# SOURCE DATA
----------
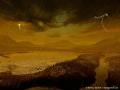 2 Ağustos 2006 : Titan'da Metan Yağmuru Olası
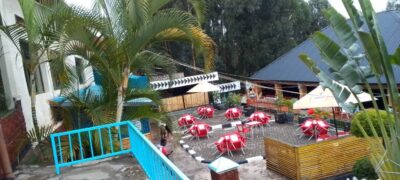 Beautiful Hotel Rubavu (Gisenyi) for sale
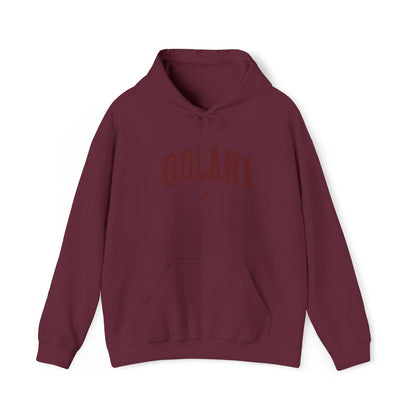 Golani Hoodie - Vintage Customize & Show your IDF pride!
----------
# TASK DETAILS
Please copy, exactly and only, the lines of the listing that run from the one holding "Beautiful Hotel Rubavu (Gisenyi) for sale" through its last line, and exclude pictures.

# SOLUTION TO THIS EXERCISE
 Beautiful Hotel Rubavu (Gisenyi) for sale
 Golani Hoodie - Vintage Customize & Show your IDF pride!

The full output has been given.